He was born at Dort (Dordrecht) in 1521, and died at Ypres on 14 July 1581. He wrote sermons full of invectives against the leaders of the Huguenots in the Low Countries. There are many editions of these sermons, the first of which was published in 1569. Another at Amsterdam, in 1607 and 1640, bears a figure joined to the title which gives an idea of the character of the book. It represents the strange discipline to which Adriaensen submitted his penitents, in order to deliver them from the natural timidity which hindered them from boldly confessing to him all their thoughts, their words, their songs, and their actions, which (according to Christian thought) have their origin in the temptations peculiar to the flesh; discipline which Voet called "Disciplinam gymnopygicam Cornelianam", in his Disputationes Selectae 4:262.

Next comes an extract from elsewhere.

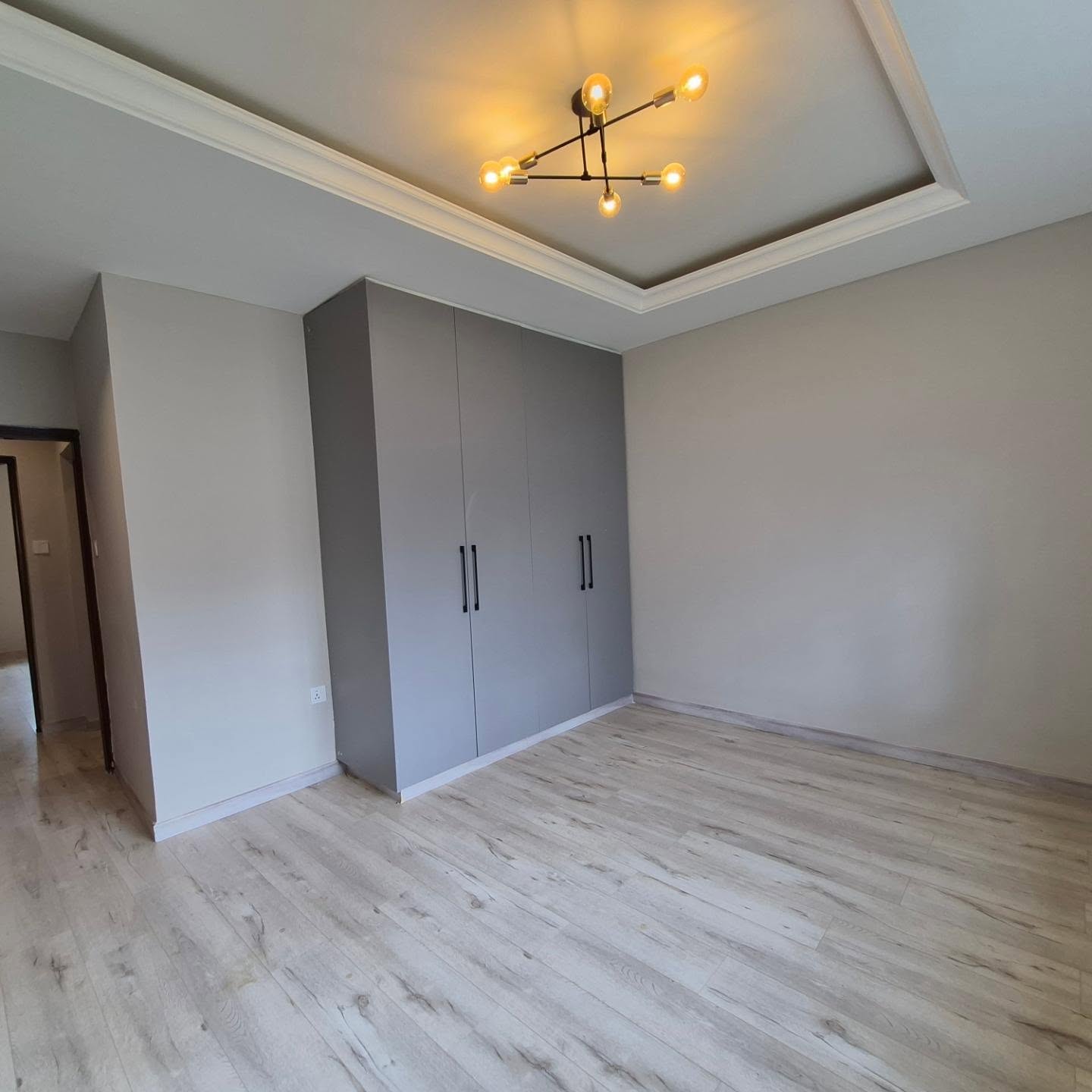5 Bedroom House For Sale thumbnail 12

=== Historie van B. Cornelis Adriaensen ===
The Historie van B. Cornelis Adriaensen comprises the following items:

1. The origin and commencement of his system of flagellation in the town of Bruges.
2. The means he employed to obtain the perfect passive obedience of his penitents, and to induce them to strip naked to receive his correction.
3. How the public and the magistrates were informed of his secret doings.
4. Interrogated by the magistrates, he is convicted of scandalous conduct, and the bishop orders him to retire to a convent at Ypres, in 1563.
5. After the expiration of three years, Cornelis returns to Bruges, in spite of the prohibition of his superiors, and preaches in the church of the "Saint Sauveur" against the magistrates.
6. Then follows an analysis of Adriaensen's sermons against the Calvinists.

== Sources ==
- Thompson, Roger (1979). "Unfit For Modest Ears"
- Wedeck, Harry E. (1962). "Adriaensen, Cornelius"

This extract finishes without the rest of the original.